* [Work task]:
For the data that follows, print the line with "In 4K, we have", the line with "Saturday, almost evening", and all lines between them, exactly as they stand. Omit pictures and add nothing.

Extracted records:
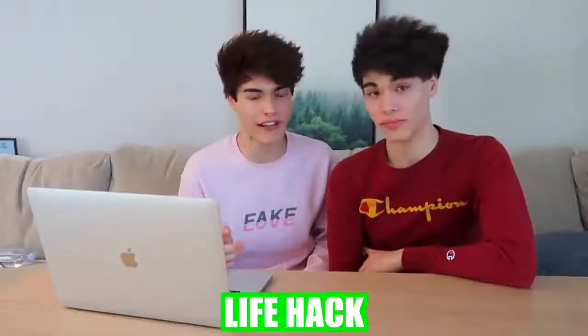For this next hack, it's more of a bonus life hack rather than a food hack. All you have to do is subscribe and turn on our post notifications — that way you'll never be hungry, you'll never be bored, and you'll never miss one of our videos. That is a win-win for everybody. Anyway guys, if you did enjoy this video, please be sure to give it a like. If you want to watch more of our videos, click right here. With that being said, we will see you guys next time.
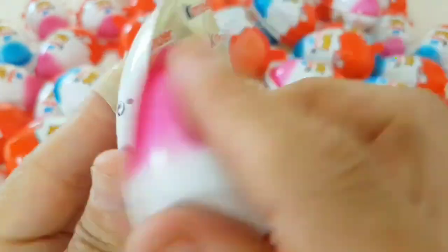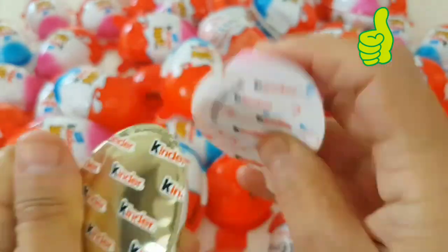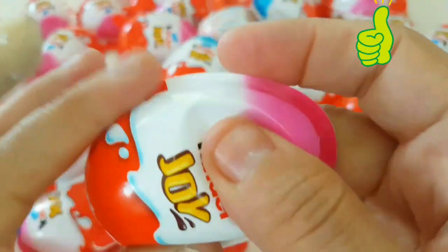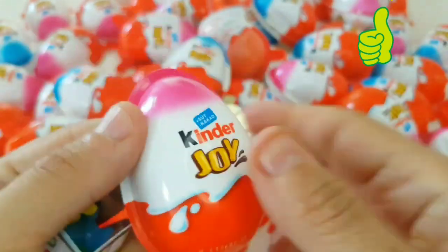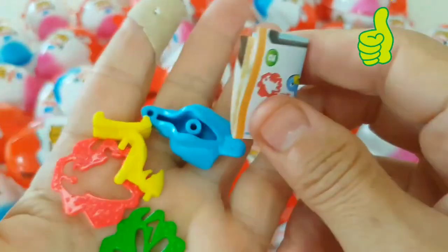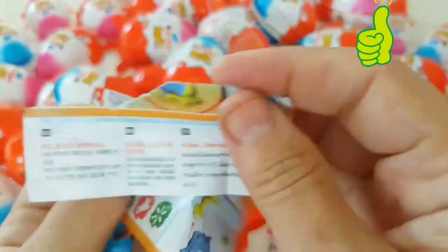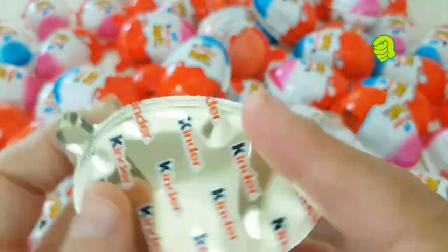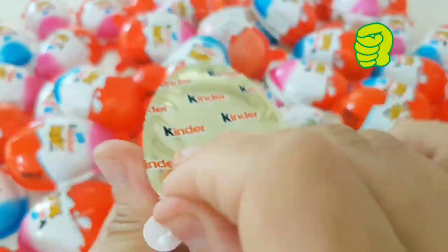I'm going to go ahead and put it in the middle of the bag.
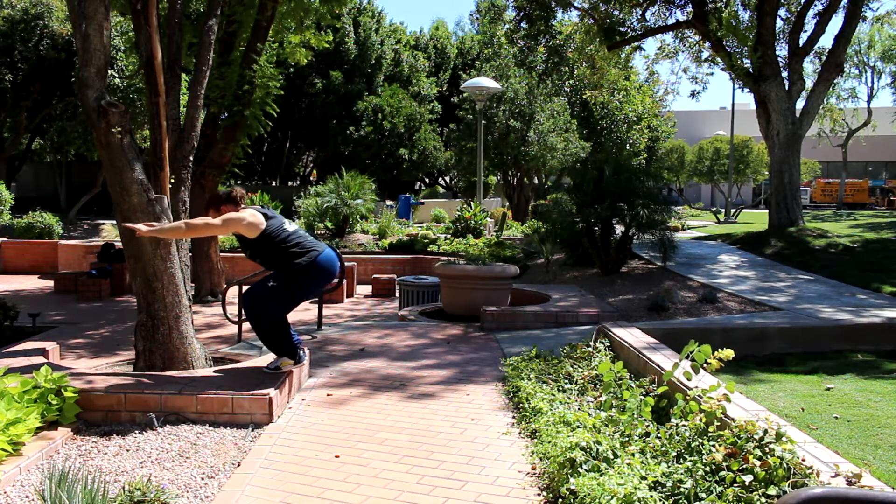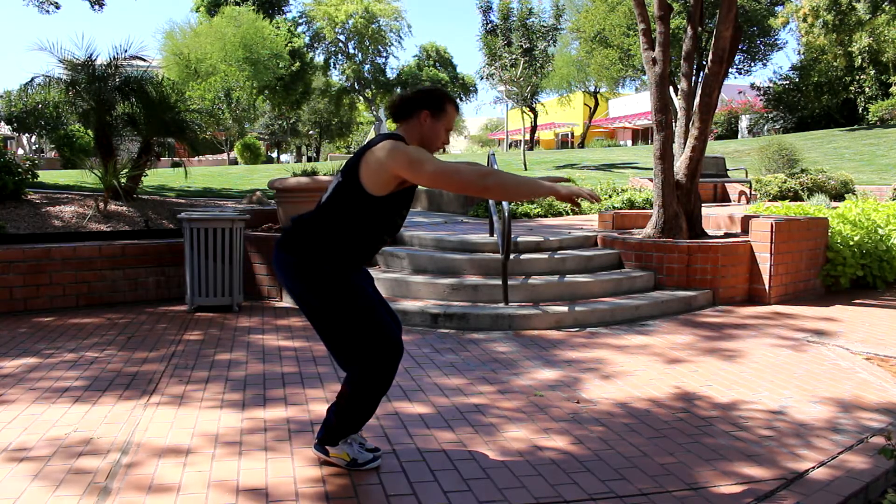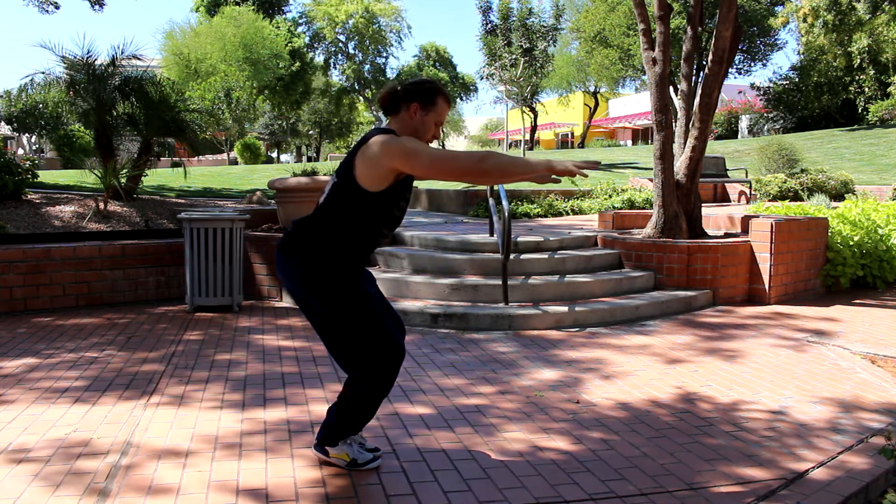Controlling the neck upon landing will make it easier for you to have a stronger back. It doesn't mean you can't look down — it just means keep your head more neutral and then use your eyes to look down versus your whole head.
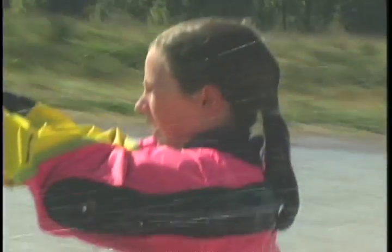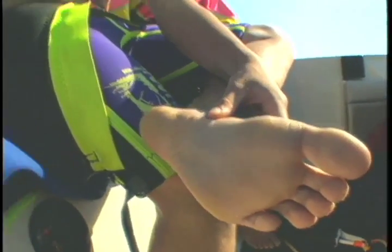Basically, the trick to barefooting is minimizing the friction so you can glide over the water better. Because of the energy and the friction of the water, your foot will start to burn.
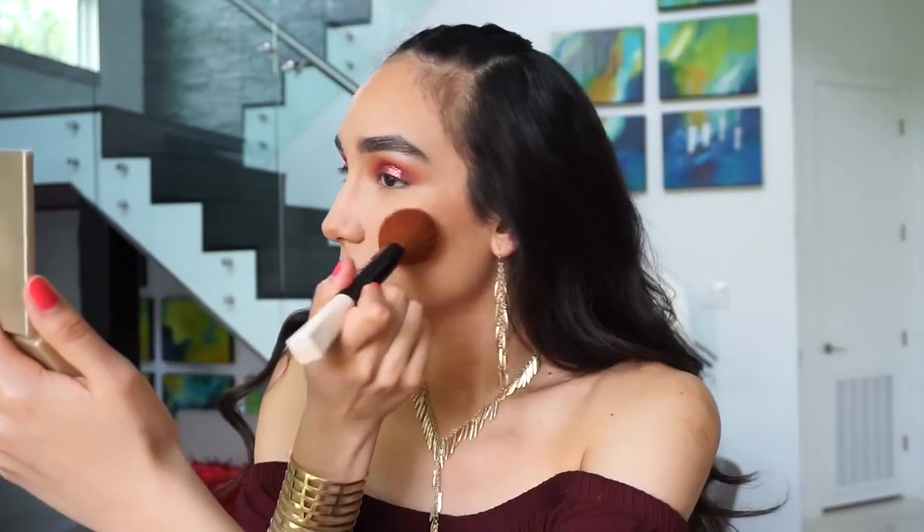For the cheeks, I'm going to be using this blush by NARS in the shade Unlawful. For highlight today, I'm going to be using MAC Soft and Gentle — and as you guys can tell, this product is very well-loved.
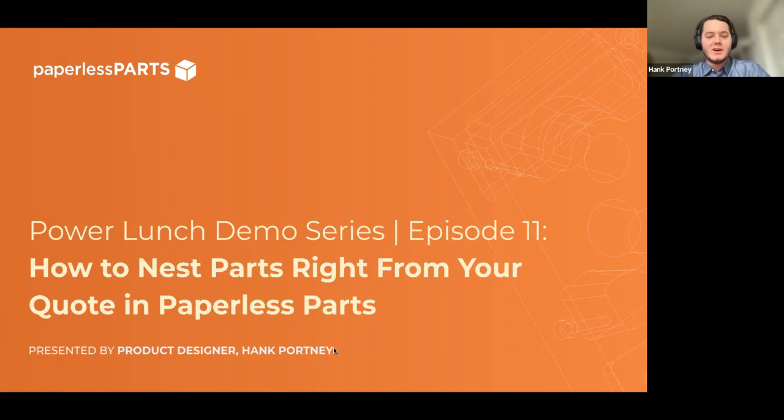Welcome everyone. This is the Paperless Parts Power Lunch Demo Series, Episode 11, about how to use Paperless Parts multi-component nesting tools right from your quote. I'm your host Hank Portney, a product manager at Paperless Parts. I've been with the company for about two years, recently transitioned from our design team. We're joined today by both current users and potential users, so welcome to our series.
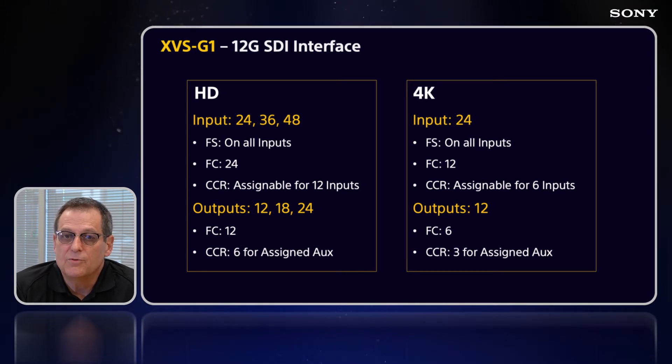In 4K, we have 24 inputs with frame syncs on all of them, format conversion on 12 of those inputs, and color correction on up to 6. And 12 outputs in 4K with 6 format converters and up to 3 color correctors on AUX assignments.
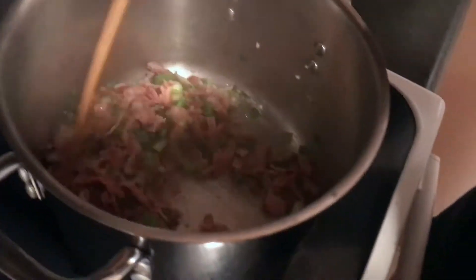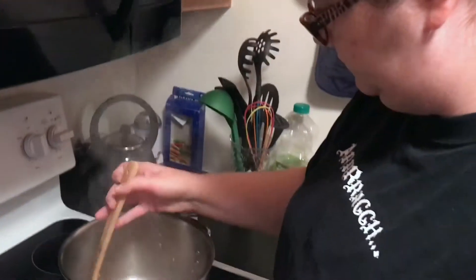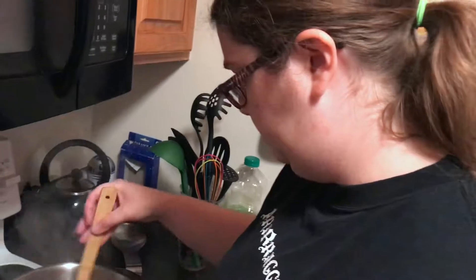Saturday, almost evening now. Oh, I wish you guys could smell this — my wife is a wonderful cook. Bacon, onions, green onions, and garlic. That's going to be the beginning of our black bean soup.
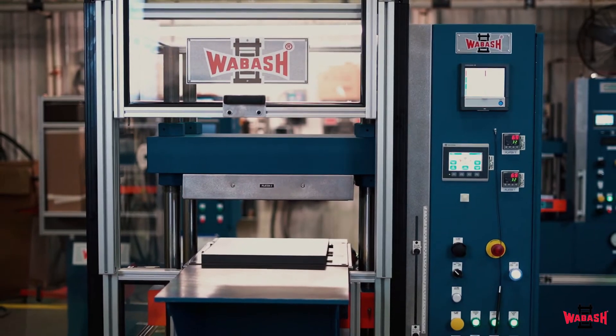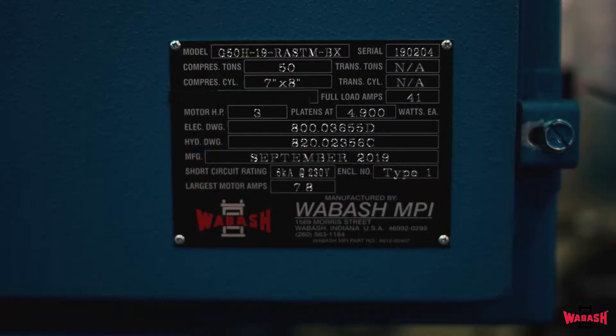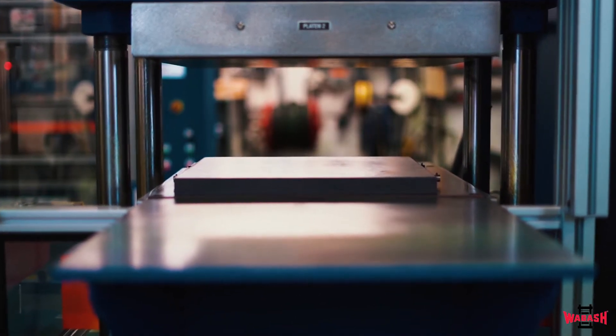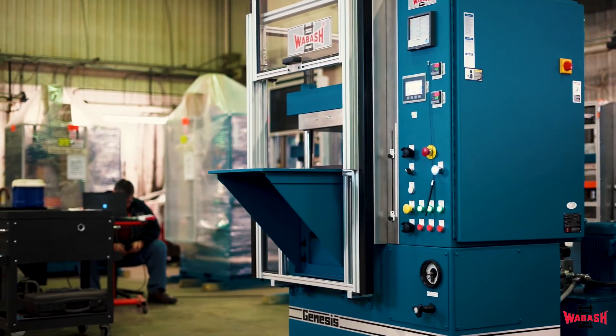Today we will be reviewing our Wabash rubber ASTM press, model G50H-19-R ASTM. This is a 50-ton press with 19-inch electrically heated steel platens. It is available on 460, 230, or 208 three-phase power.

* [Result of the exercise]:
In 4K, we have 24 inputs with frame syncs on all of them, format conversion on 12 of those inputs, and color correction on up to 6. And 12 outputs in 4K with 6 format converters and up to 3 color correctors on AUX assignments.
Saturday, almost evening now. Oh, I wish you guys could smell this — my wife is a wonderful cook. Bacon, onions, green onions, and garlic. That's going to be the beginning of our black bean soup.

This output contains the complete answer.